Giovanni: Che devo fare?

Architetto: Io non ho mai fatto nulla, si tratta di essere in un certo modo…

Giovanni: … “Essere in un certo modo”, che significa?… e in che modo?…

Architetto: Significa essere l’opposto delle donne, mai essere come loro… diversità e solitudine. Solitudine interna e… qualche volta materiale… Hanno un segreto, che non ti danno mai spontaneamente, bisogna costringerle, però poi sono felici di essere state “violentate”… e non te lo riconoscono mai, anzi ti denunciano e forse hanno ragione, perché hanno toccato qualcosa che non troveranno mai più nella vita, nella vita si trova appunto il volersi bene e gli esseri umani preferiscono volersi bene… rispettarsi, proteggersi, compatirsi, amarsi così... piuttosto che cercare quell’“impossibile bellezza” di cui ha parlato Sandra nella deposizione, che poi ha voluto rinnegare… per averla conosciuta…»

 

Ecco fatto. Altre sei pagine sconclusionate in cui si parla anche di libri

Ma forse ho trovato l’auspicata terza ipotesi: non sono d’accordo.
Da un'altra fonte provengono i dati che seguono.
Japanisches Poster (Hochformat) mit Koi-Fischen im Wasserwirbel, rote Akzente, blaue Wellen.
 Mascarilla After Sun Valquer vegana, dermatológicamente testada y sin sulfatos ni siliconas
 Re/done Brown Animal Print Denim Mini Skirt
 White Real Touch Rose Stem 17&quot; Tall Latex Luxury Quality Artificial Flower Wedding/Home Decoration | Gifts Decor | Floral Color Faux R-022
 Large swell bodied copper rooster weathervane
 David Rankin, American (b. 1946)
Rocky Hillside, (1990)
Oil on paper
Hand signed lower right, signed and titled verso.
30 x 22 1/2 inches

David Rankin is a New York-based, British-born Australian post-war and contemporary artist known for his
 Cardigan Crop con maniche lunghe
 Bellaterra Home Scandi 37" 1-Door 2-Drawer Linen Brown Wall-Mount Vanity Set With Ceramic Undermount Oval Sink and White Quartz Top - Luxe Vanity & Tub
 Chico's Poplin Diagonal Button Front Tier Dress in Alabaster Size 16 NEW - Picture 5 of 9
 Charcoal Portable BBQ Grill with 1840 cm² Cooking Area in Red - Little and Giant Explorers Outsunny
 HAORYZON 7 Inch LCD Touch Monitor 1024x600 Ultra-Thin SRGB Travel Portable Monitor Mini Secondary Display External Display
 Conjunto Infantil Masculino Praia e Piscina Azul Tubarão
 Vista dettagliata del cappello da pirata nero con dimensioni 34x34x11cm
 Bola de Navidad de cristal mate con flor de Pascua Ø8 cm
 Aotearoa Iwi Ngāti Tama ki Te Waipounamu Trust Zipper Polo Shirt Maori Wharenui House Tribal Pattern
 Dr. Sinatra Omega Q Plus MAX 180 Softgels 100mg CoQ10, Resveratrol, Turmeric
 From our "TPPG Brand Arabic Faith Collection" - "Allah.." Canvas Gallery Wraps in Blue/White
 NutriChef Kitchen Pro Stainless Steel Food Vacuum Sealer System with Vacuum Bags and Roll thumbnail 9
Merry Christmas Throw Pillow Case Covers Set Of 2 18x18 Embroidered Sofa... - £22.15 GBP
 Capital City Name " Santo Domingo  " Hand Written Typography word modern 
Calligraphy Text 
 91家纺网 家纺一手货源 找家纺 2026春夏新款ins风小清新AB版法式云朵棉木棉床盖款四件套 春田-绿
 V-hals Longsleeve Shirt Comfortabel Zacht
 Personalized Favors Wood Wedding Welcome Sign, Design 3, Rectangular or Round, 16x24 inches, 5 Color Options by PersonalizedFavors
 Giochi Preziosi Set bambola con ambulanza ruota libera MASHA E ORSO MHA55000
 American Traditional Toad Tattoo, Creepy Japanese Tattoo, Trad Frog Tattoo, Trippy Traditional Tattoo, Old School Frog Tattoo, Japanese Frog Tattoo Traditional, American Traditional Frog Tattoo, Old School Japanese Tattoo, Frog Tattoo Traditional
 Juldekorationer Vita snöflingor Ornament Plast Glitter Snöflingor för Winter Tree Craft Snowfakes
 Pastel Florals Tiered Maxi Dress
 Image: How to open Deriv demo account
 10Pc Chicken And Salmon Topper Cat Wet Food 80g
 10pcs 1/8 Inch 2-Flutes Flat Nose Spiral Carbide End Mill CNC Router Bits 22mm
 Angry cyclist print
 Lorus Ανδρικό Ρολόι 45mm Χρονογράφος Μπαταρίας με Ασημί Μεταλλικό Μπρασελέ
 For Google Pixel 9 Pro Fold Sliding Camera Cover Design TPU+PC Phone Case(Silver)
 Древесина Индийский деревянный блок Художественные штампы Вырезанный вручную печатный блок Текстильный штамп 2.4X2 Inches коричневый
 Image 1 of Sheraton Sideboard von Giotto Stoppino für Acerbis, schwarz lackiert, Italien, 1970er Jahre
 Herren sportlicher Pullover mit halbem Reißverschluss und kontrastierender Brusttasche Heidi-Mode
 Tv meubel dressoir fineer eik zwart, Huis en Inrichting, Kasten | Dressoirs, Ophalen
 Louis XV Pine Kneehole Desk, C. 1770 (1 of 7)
Né con il concetto astratto di “desiderio” esternato da Eco, né con gli uomini che sbavano sui calendari delle modelle (quando va bene), né con le donne che si prestano al gioco. E neppure con la Chiesa, che chiude un occhio su qualunque perversione, tranne sul rapporto sano tra uomo e donna.

La “terza ipotesi” mi fa essere d’accordo solo con chi pensa che occorra superare la paura del desiderio, di quello vero! Non della bramosia travestita, della gastronomica visione del sesso, del possesso narcisistico e  annullante.

E per il desiderio vero, l’unico possibile, tra un uomo e una donna, mettere in gioco tutto, lasciarsi andare, saper perdere la testa.

È un lavoro difficile, essendo necessarie tante, forse troppe doti per non soccombere ad una simile prospettiva: identità, vitalità, creatività, sanità mentale… Per chi non le possiede c’è davvero il rischio di andare incontro alla “follia”!